- 2nd May, 2018
Popping your bubble
By Dr Glenn Moncrieff
The influence of social media newsfeeds on our decisions has received a lot of attention lately. A prominent example is the suspected role of so called fake news in the 2016 US election. According to one study, more than 25% of adults visited a fake news website in the run-up to the 2016 US election. We tend to share and like stories that confirm our existing beliefs. These stories then appear on the timelines of our often like-minded friends. Facebook’s algorithms that select the content that appears on these timelines further reinforces these feedback loops. The end result is that we only get exposed to views that confirm our existing world view, creating an ‘echo chamber’. This further polarizes debate and makes it harder for diverse points of view to coexist and for constructive conversation to occur. Effort have been made to address this problem with social media. For example, EscapeYourBubble is a Chrome extension that adds posts from reputable news sources that contrast with your world view, to your news feed.

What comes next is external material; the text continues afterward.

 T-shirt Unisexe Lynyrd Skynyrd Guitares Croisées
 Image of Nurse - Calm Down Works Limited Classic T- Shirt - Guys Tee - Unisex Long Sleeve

The problem of reinforcing feedbacks loops is not unique to social media. The problem emerges from the machine learning technology itself. A similar issue is often encountered with product recommenders used by online retailers like Amazon or streaming video sites like Netflix. Recommender systems are often trained to recognise products similar to those a customer has purchased previously, and suggest these to the customer. This can lead to a lack of novelty in customer recommendations, or customers constantly being recommended items that they already have.
Further evidence of machine learning reinforcing beliefs can be illustrated with an example from human resources. Suppose we have a historical record of employee performance that we wish to use to guide future appointments. We might point our algorithm at this record to identify which applicants are most similar to individuals that have performed well in the past. We might find that this algorithm suggests that only male applicants are well suited to the role. In this case it is likely that our algorithm is reflecting historical biases that prevented women from succeeding. Clearly, the appropriate response to this result is not to blindly follow the recommendation and further reinforce an egregious practice, but rather to break the cycle and create an environment more conducive to gender equality.
The key message from these examples if that sometimes we need to pop our bubble and inject some humanity into our algorithms. Whether it be exposing ourselves to content we may not agree with, recommending products that might be considered unconventional, or giving that loan or job to someone who might have been unfairly discriminated against in the past, we have the power to break these feedback loops and design algorithms that show the way to a better world.